The Novosti news agency reported this morning that General Motors will invest $300 million in the new car assembly plant near St. Petersburg that it launched in June 2006. The plant is due to reach its full capacity in 2008, when assembly of the Chevrolet Captiva and other models will be launched there. Earlier, GM had indicated its investment in the plant, initially planned to produce 25,000 units annually, would be just $115 million, but on March 29, GM Europe President, Carl-Peter Forster announced that GM would more than double its originally planned capacity to 70,000.
"Russia is our biggest market for Chevrolet in Europe," said Mr. Forster. "Demand continues to grow, and we will be in an even better position to meet that demand when Shushary goes on stream in 2008." In 2006, GM sold more than 132,000 cars on the Russian market, 84% of which were Chevrolets.
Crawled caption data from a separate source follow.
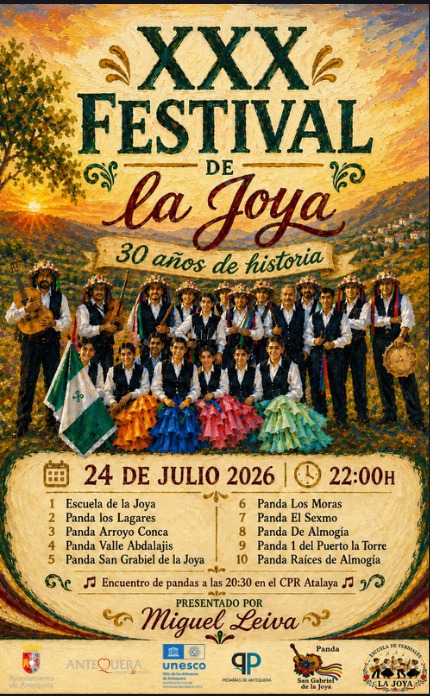 Festival de verdiales de la Joya con la Panda Arroyo Conca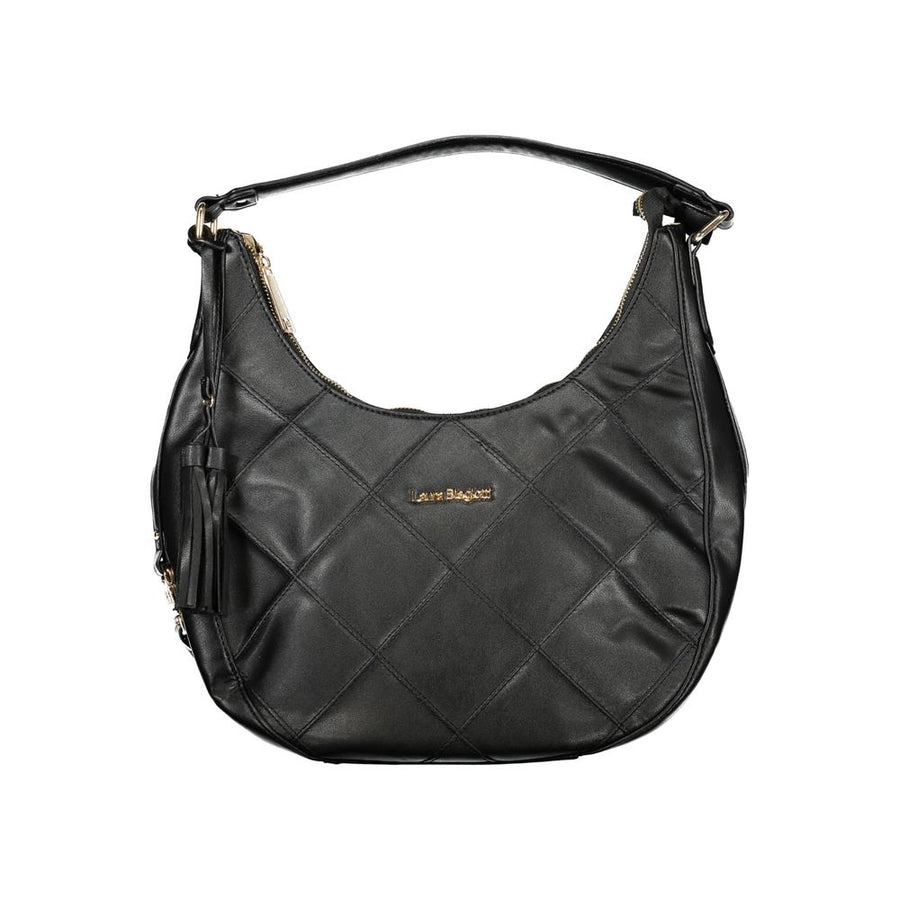 Black PVC Women Handbag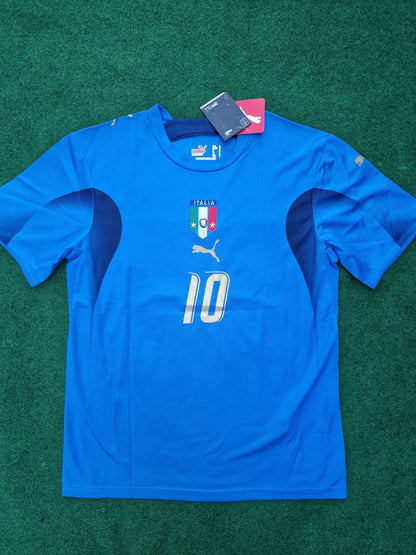 Francesco Totti 2006 World Cup Italy Retro Football Jersey Kit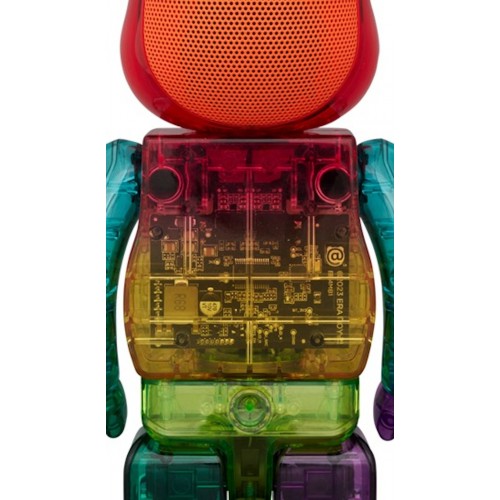Оригинальная фигурка Bearbrick Audio Rainbow Portable Bluetooth Speaker 400% - 28см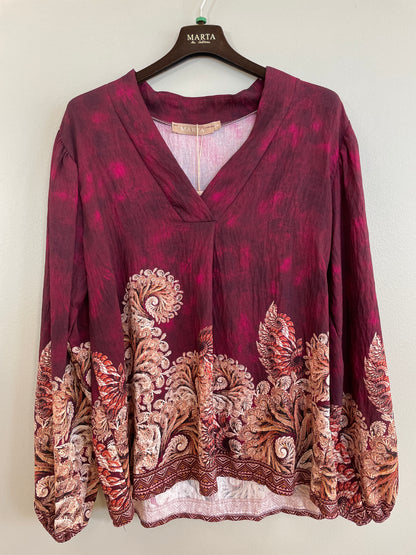 Marta Du Chateau  - Bluse - Bordeaux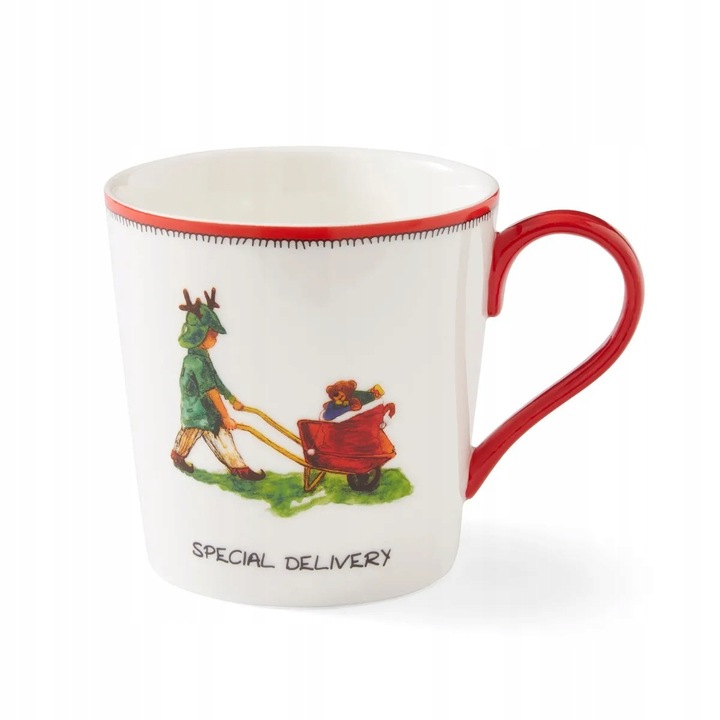 Spode Kit Kemp Doodles bögre 340ml, különleges design, porcelán, ideális ajándéknak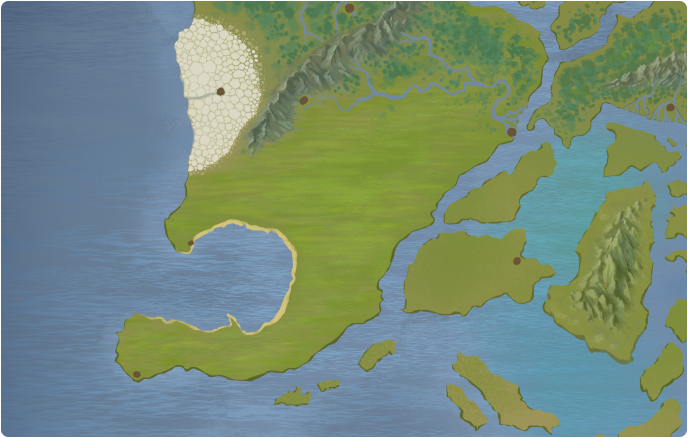 A color map of the Oscailte Prairie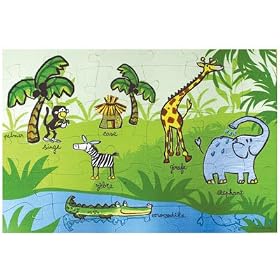 Baby Cie Puzzle Age 3-6 - 34 pieces - Jungle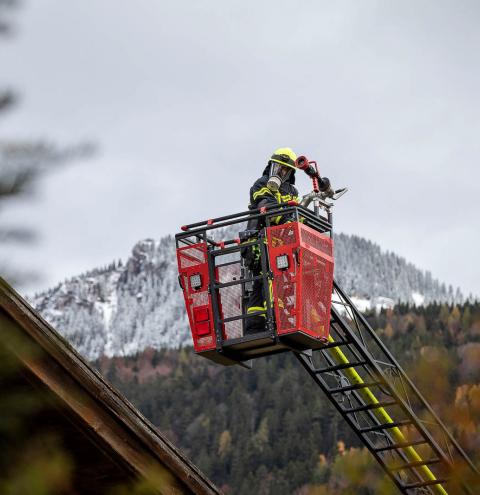 Großalarm für die Feuerwehren im Achental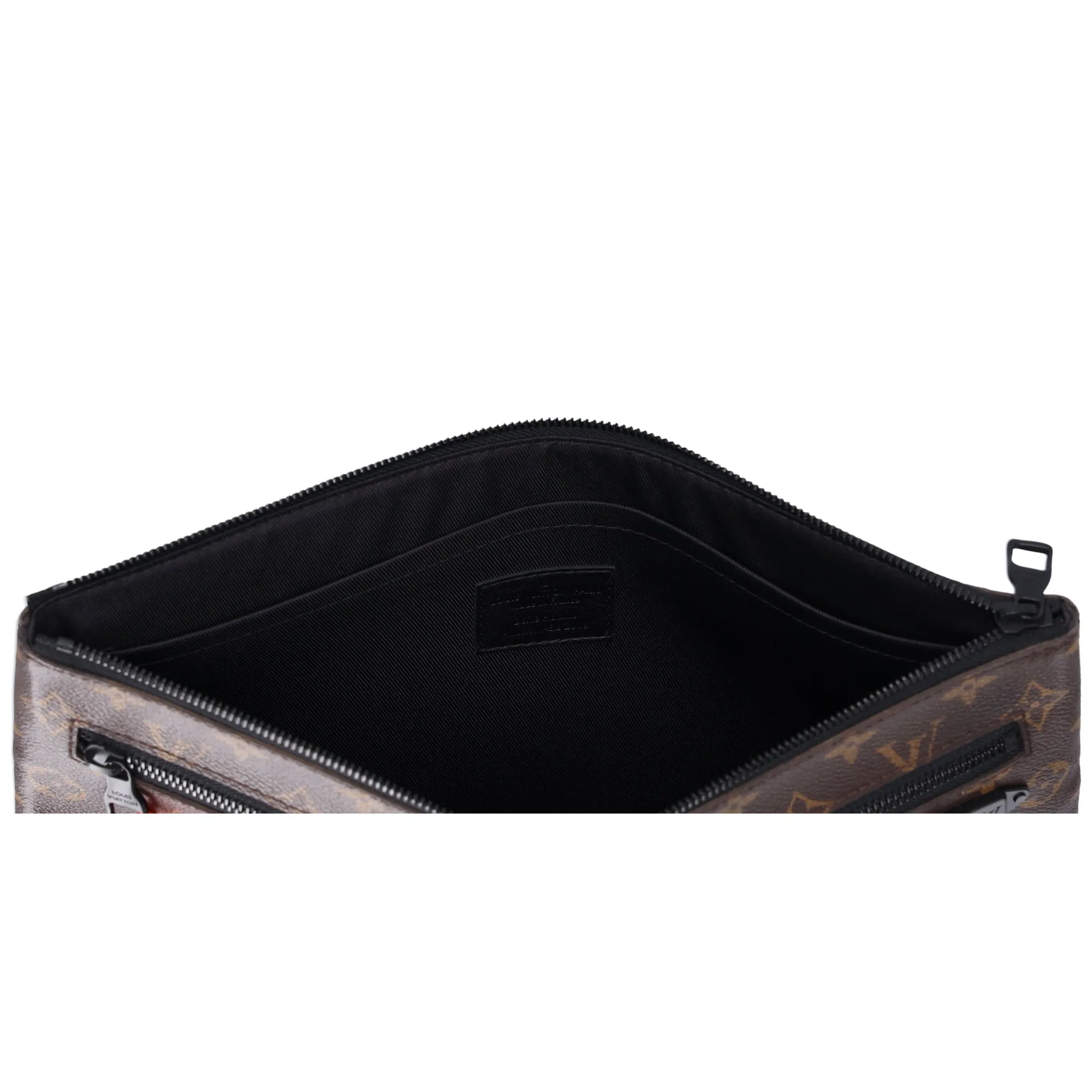 Louis Vuitton Solar Ray A4 Pouch Hand Clutch Brown Monogram sold by Gaby's Bags product image thumbnail 5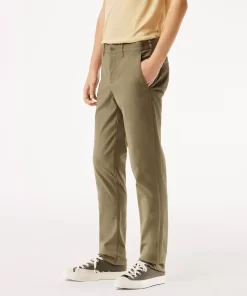 Lacoste Hosen & Shorts>Herren Baumwoll-Stretch-Hose New Classic Khaki Grun 316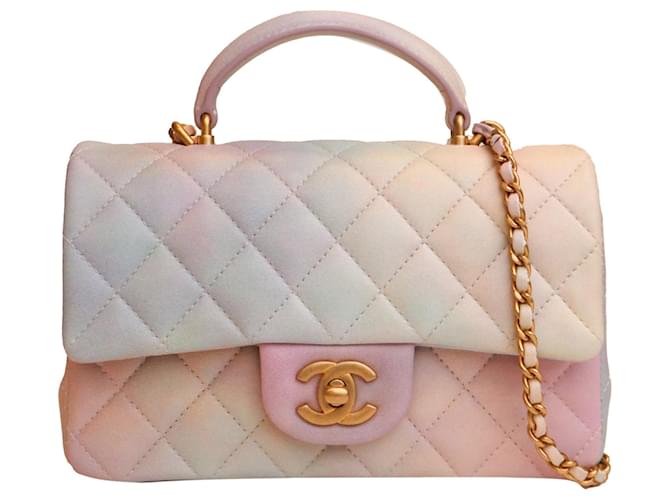 CHANEL 19 21A Pink Wallet on the Chain Crossbody Bag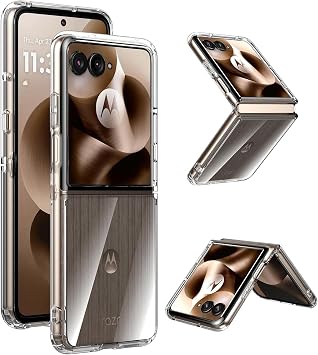 for Motorola Razr 70 Ultra 2026 Clear Case Anti-Shedding Design Transparent Air-Corner Drop-Resistant Shockproof Soft Hard Back Cover razr 70 Ultra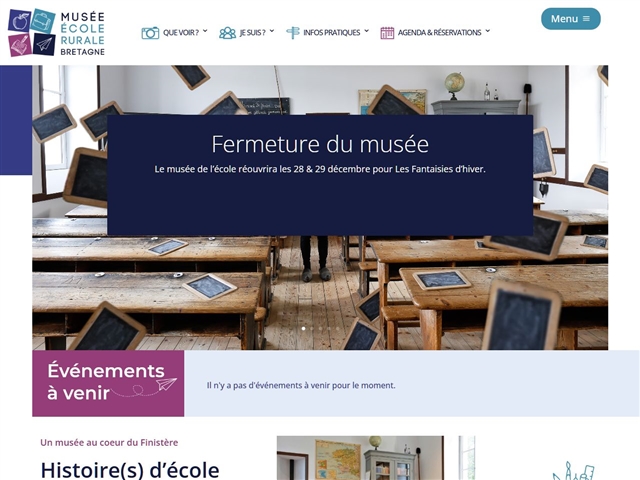Musée de l'école rurale en Bretagne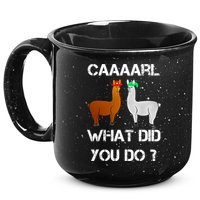 Funny Llama With Hats Gift Lama With Hat Carl What Did You Do Gift 15oz Campfire Ceramic Mug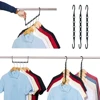 Household Stackable Clothes Hanger Rack Wear Resistant Windproof Clothes Stand For Wardrobes 4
In the first two months of 2007 the company sold almost 26,000 GM cars in Russia, including more than 20,000 Chevrolets.
Elsewhere in Europe, GM does not exclude further reductions in manufacturing personnel, though Mr. Forster described the possible closure of a plant as an ‘extreme solution’. GM Europe lost $225 million after exceptional costs last year on turnover up 4% year on year of $33.2 billion; before exceptional items, trading profit was $227 million. Having stripped out some $2 billion of fixed costs under its current restructuring plan, GM Europe is focusing more on raising sales volume at present.
The decision on which plants will build the next Astra models (on which hangs the future of the Ellesmere Port plant) is likely to be made before the end of this year, according to several financial media reports of 30 March, which also reported Mr. Forster saying that some Saab 9-5 model production would be moved to the Rüsselsheim Opel plant from Trollhëttan in Sweden.